#### Exercise data
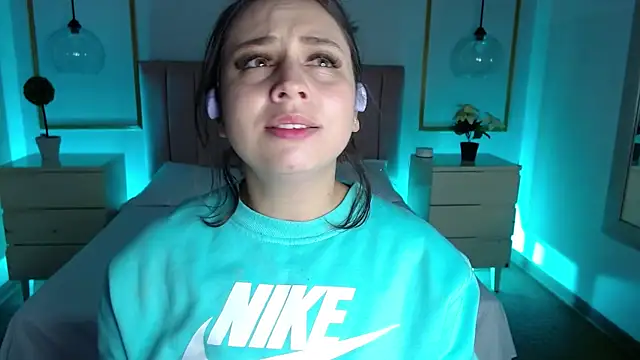 Alice Sinclair  online show from 01/09/26, 12:56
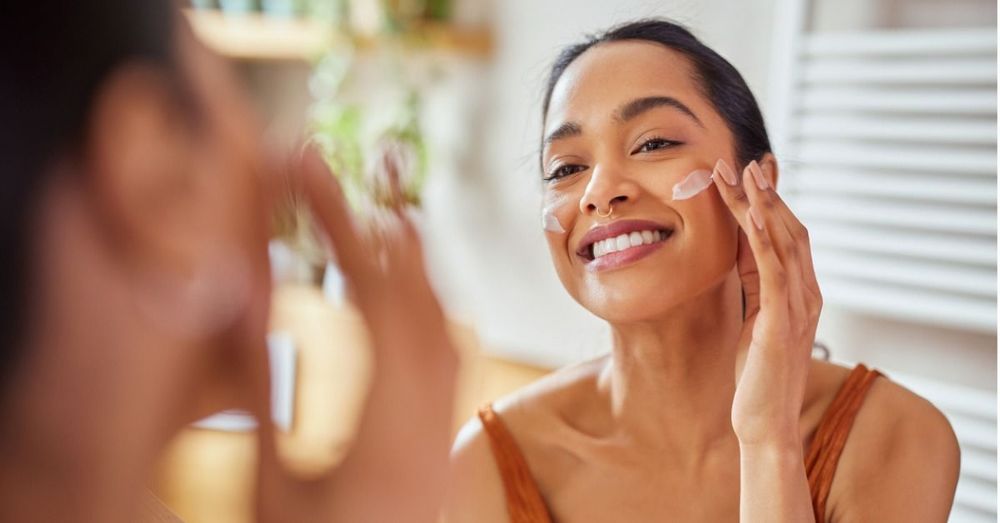 Le « Skin-Care Boom » : pourquoi les soins de la peau sont devenus essentiels en 2020 et ce que disent les experts | So Busy Girls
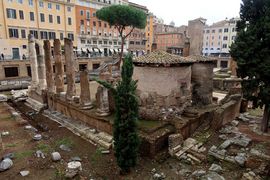 Neapol, Rzym, Watykan 2024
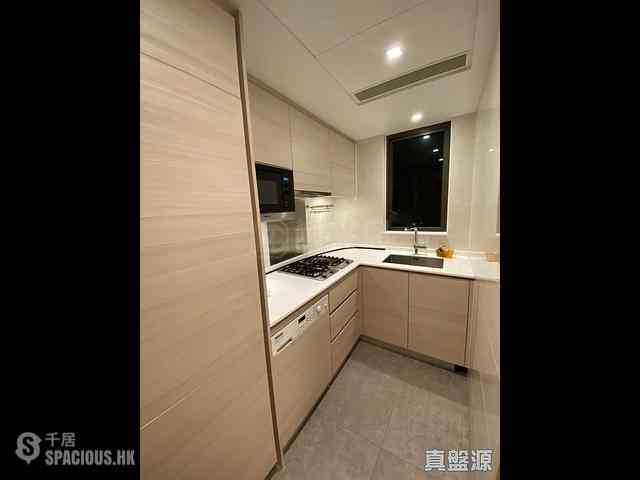 Ho Man Tin - Mantin Heights Block 3 07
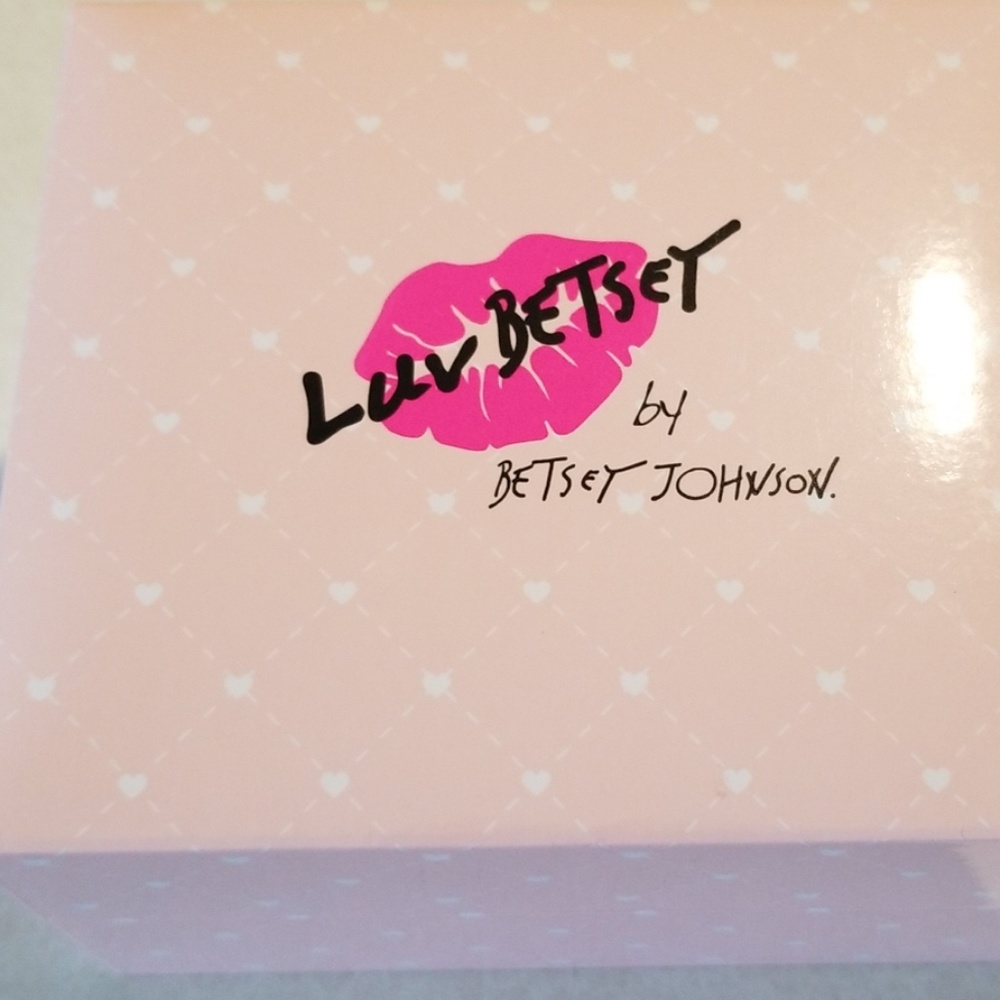 Flash sale Betsey Johnson watch and earring set - Picture 6 of 6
########
• [What is needed] Exactly the lines from the one holding "Neapol, Rzym, Watykan 2024" through the last line of the entries, both included, are to be duplicated; leave the pictures out.

• [Exercise output]
 Neapol, Rzym, Watykan 2024
 Ho Man Tin - Mantin Heights Block 3 07
 Flash sale Betsey Johnson watch and earring set - Picture 6 of 6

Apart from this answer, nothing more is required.